Scott backs up his computer regularly and keeps three copies of everything he wants to preserve, using external hard drives and a cloud service called Dropbox — a practice advocated by the Library of Congress.
Once a month he even backs up his computer to a hard drive he stores in a safe deposit box, just in case something happens to his house.
He also commits to stay informed on the evolution of technology. Just as cassette tapes are now obsolete, some digital audio formats will one day become outdated.
At least every five years he updates his files to the latest software.
“You’ve got to be extremely mindful of changes in technology,” Scott said, a teaching member of the Cajun Clickers Computer Club.
“You have to be aware and ask, is this something that is fading away?”
Scott rarely uses compact discs to store information because he said such “optical discs” can degrade over time, and some recordable discs can actually last less than five years.
An alternative, recordable and writable CDs marked
as “archival discs,” are
created to last for future generations, said Kevin Duffy,
a coordinator of digital imaging
at LSU who often chooses to use
Blu-ray DVD discs, which he said can hold a large amount of data and are engineered
to last 200 years.
Photo collections are no longer limited by photo album pages or the number of Polaroids someone can stuff in a shoebox.
With unlimited storage space, organization becomes more important than ever.
For some, organization means culling important photos and files from the meaningless.

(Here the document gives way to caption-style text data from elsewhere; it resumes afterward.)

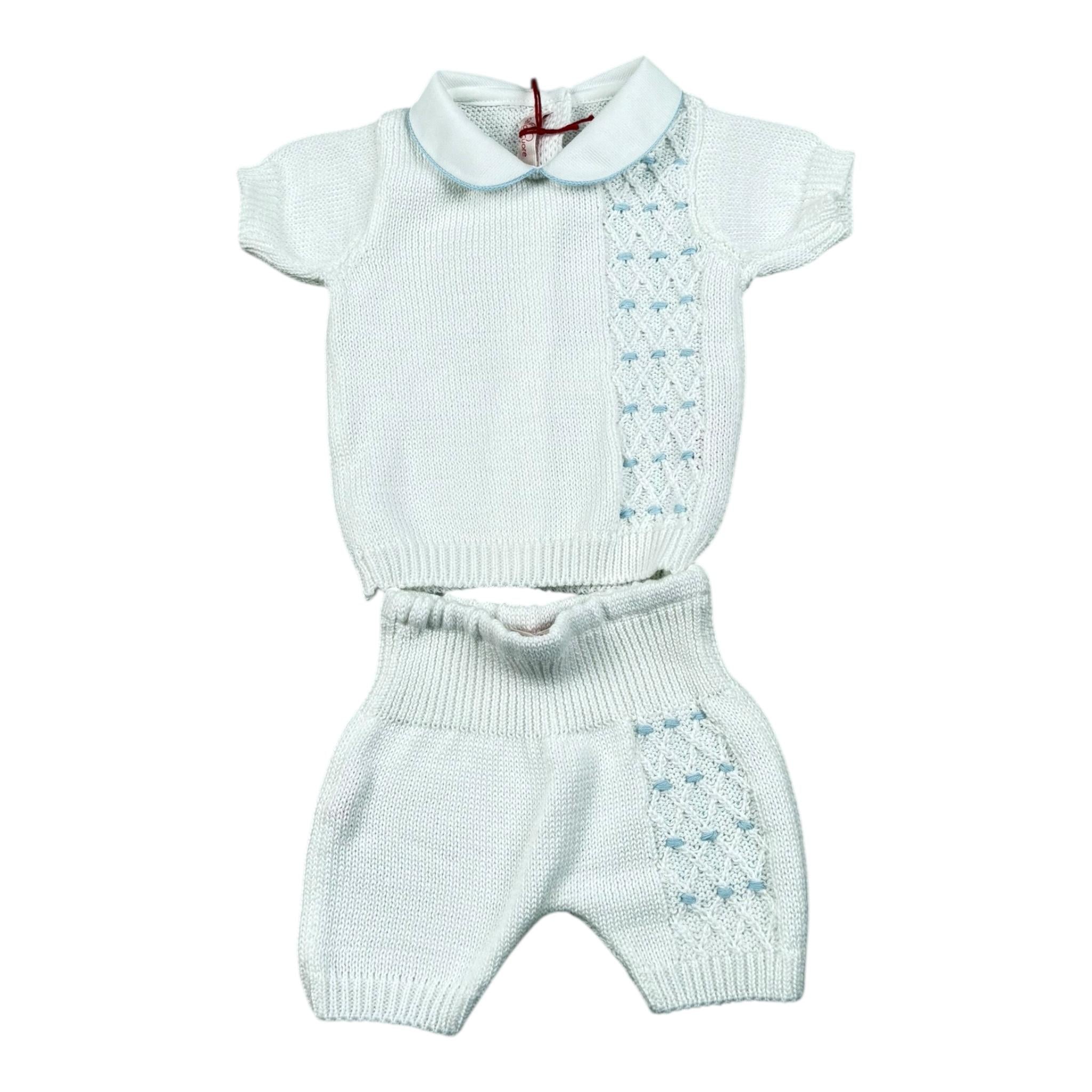 Scaldacuore Completo 2 Pezzi T-Shirt-Bermuda In Maglia per Neonato PS09PCORP24 BIANCO SCALDACUORE 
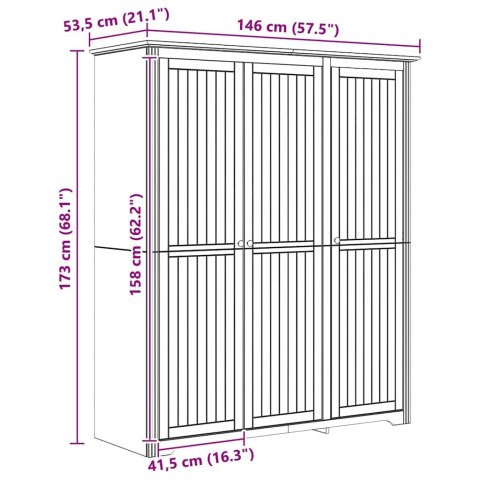Garderoba z drzwiami BODO Miodowy brąz 146 x 53,5 x 173 cm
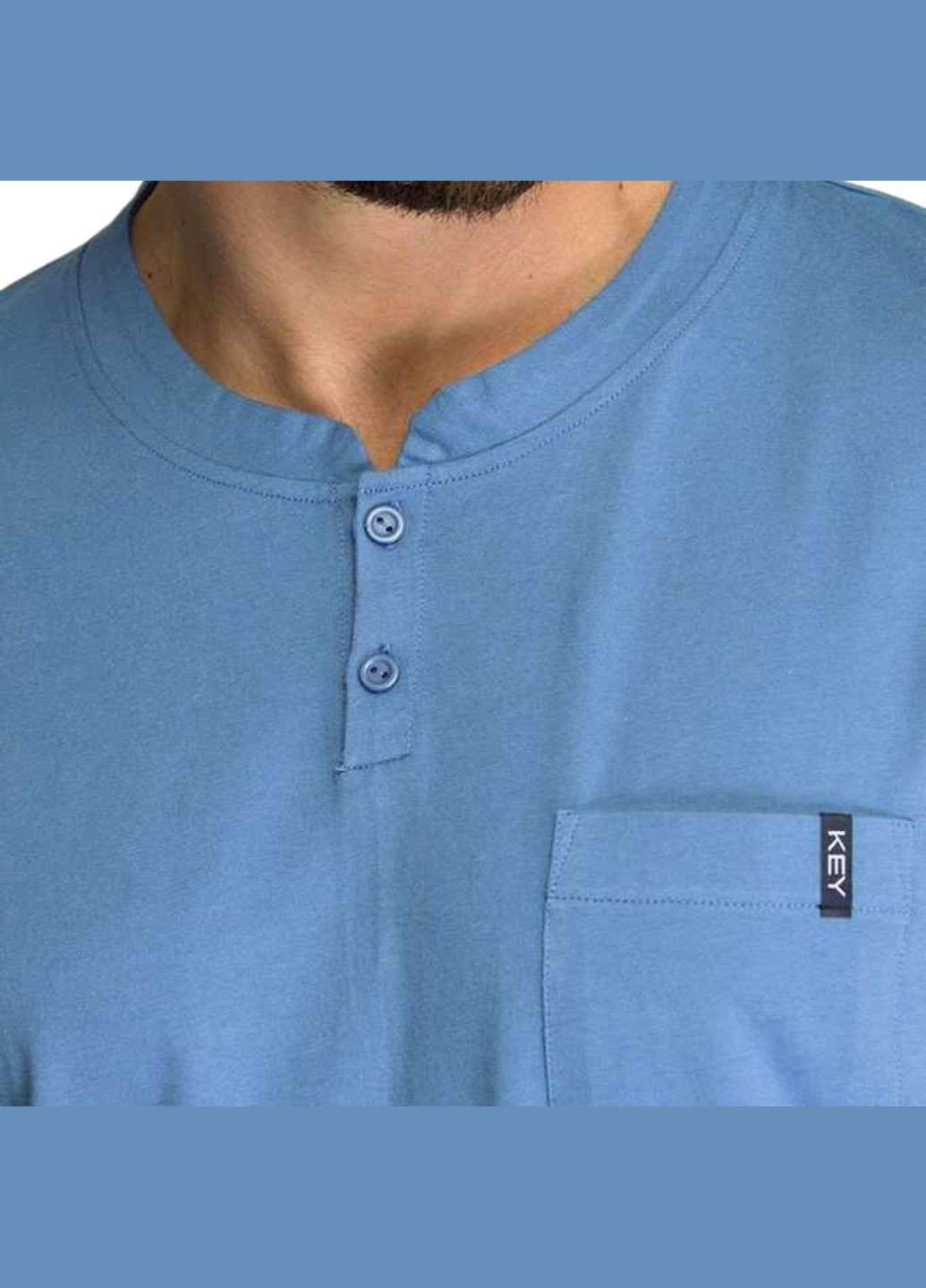 Пижама мужская шорты и футболка с коротким рукавом Голубой с темно-синим MNS 223 A21 (С) Key (306716320)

Others disagree. With unlimited storage, they say, keep everything, but organize it.
Esneault contends people can only make good decisions about what to keep and what to toss after four years.
“Anything older than four years,” he said, “if you don’t have a good reason to keep it, then get rid of it.”
Emotional attachments degrade in that time, and after that most people can take a more discerning look at possessions.
“If you keep everything then you organize nothing,” Esneault said. “It becomes a burden to you. It keeps you from getting to your important stuff.”
Eastin agrees. “You have to be brutal,” she advises.
If you do keep it all, then find a way to organize it, said Duffy, who also teaches digital photography for summer leisure courses at LSU.
Even amateur photographers have thousands of digital pictures stowed away in folders and discs.
“At this point, we are at the point where everyone is shooting digital,” he said.
“We’ve seen this transition where all these new users in the last five years are getting overwhelmed with what they are starting to save.”
New software allows photographers to catalog their images quickly, Duffy said.
Photo management programs such as Adobe Lightroom and ACDSee can retrieve the date a photo was taken from the digital file’s data and allow the photographer to write captions to describe the photo soon after taking it instead of hoping to remember the details later.
“We rely on our memory,” he said, “which is constantly fading.”